However, over time the limitations of that regime were recognised as cases of insolvency emerged with the expansion of the corporate culture.
Some of the difficulties the creditors needed to initiate liquidation proceeding included;
1. Only creditors representing a minimum of 50% of the total outstanding dues could apply
2. Very lengthy process
3. Liquidation could only be filed after one year of the outstanding due not being paid
4. Individual shareholders could not initiate proceedings
5. No mechanism existed to look after the insolvency process
6. Lacked any provisions for re-organisation.
7. Anyone can be the liquidator
Furthermore, the Company Registrar was responsible for handling all administrative matters relating to Insolvency law in Nepal. However, this proved to inefficient with the Registrar already over burdened with managing companies as well as lacking the necessary skills and manpower to fulfill this role.
To counteract the drawbacks of the old Regime, the Government of Nepal promulgated the Insolvency Act on November 20, 2006 with the following objectives
a. To have proceedings of companies which are insolvent or going to be insolvent
b. To make provisions restructuring of the companies which were insolvent
Thus, the Act is based on the principle of ‘one law, two systems’ as it covers both the law of liquidation and the law of rescue/restructuring.
The prevailing Insolvency Act (IA) covers all typesof companies incorporated under the prevailing company laws of Nepal as well as any corporate body having limited liability (s. 2(a) and s. 4). However, no application may be made to the Court for insolvency proceedings in relation to the following company without obtaining prior approval of the following authority (s. 8 IA):
In the case of a bank or financial institution carrying on banking and financial business, the Nepal Rastra Bank, or
In the case of an insurance company carrying on insurance business, the Insurance Board formed pursuant to the Insurance Act 1992, or
In the case of a company which cannot undergo voluntary liquidation without approval of the competent body or authority, except Bank and Financial Institution or Insurance Business.
The Act has tried to resolve the drawbacks of the insolvency culture of the Nepalese corporate environment introducing restructuring the insolvent companies.
Major features of the Insolvency Act 2006
a. Liberalised Application Procedure
Under the Act, 10% of the creditor(s) who have lent the money, or 5% of the total shareholders of the company, or 5% of the debenture holders can initiate insolvency proceedings. Previously it was a minimum of 50% of the total outstanding dues, which is why investors or lenders were always at risk; it is expected thatthese provisions will help root out insolvent companies from the market as well as encourage business innovation and stimulate the economy.
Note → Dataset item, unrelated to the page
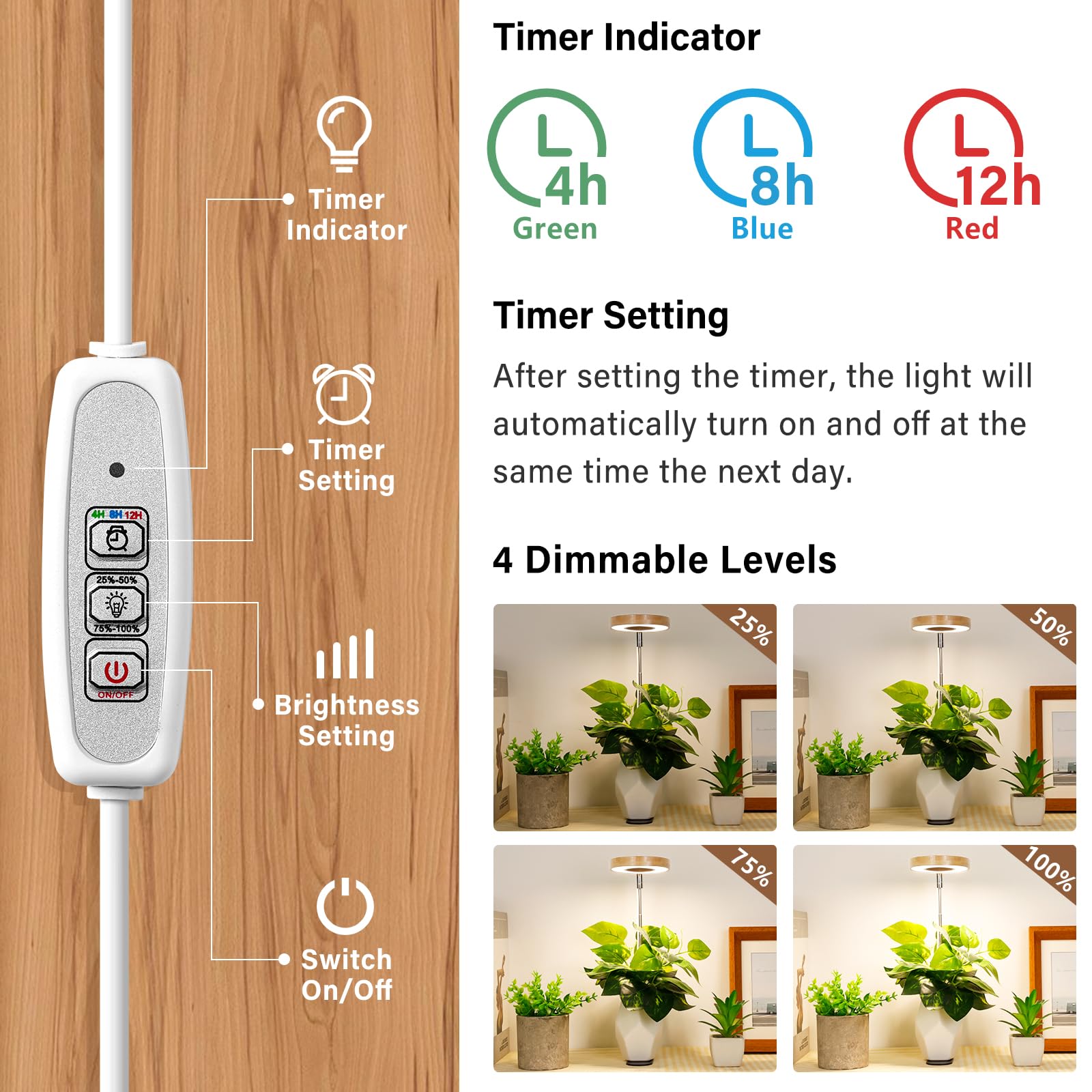 LORDEM four-level dimming shown for energy-efficient plant lighting.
b. Commencing insolvency proceedings
Prior to the enactment of the IA 2006 there was no mechanism to look after or supervise the insolvency proceeding, however section 3 of the act provides that no proceeding can be initiated without the order of the court.
c. Restructuring Scheme
The Act recognises both liquidation and restructuring. In addition, it provides for liquidation subsequent to restructuring if the restructuring fails or a change from a restructuring procedure to a liquidation procedure if it is found appropriate. The restructuring proposal prepared by the restructuring manager requires the approval of the court for its implementation. Once approved by the court, it is binding on all creditors, directors and shareholders. However, it does not bind secured creditors unless they have agreed to the program. Nor are the lessors and the owners of property used by the company bound by the restricting program ordered by the court. But, the court can issue orders to secured creditors, the lessor and owners of the property used by the company, if it is proved that the restructuring program will fail if the secured creditors or lessor of the property enforce their security or take back the leased property. However, the court shall require an assurance that the rights of secured creditors and lessor are properly protected under the restructuring scheme.
d. Insolvency and Restructuring System
Insolvency is one of the steps to liquidate the Company formally, which the old regime had not recognised therefore many challenges needed to be tackled in the past. However the Act has made the provision to appoint the Liquidator to insolvent company so that company and related persons need not receive any kind of prejudice. Similarly, liquidator may make necessary motion to restructure the company if deemed possible.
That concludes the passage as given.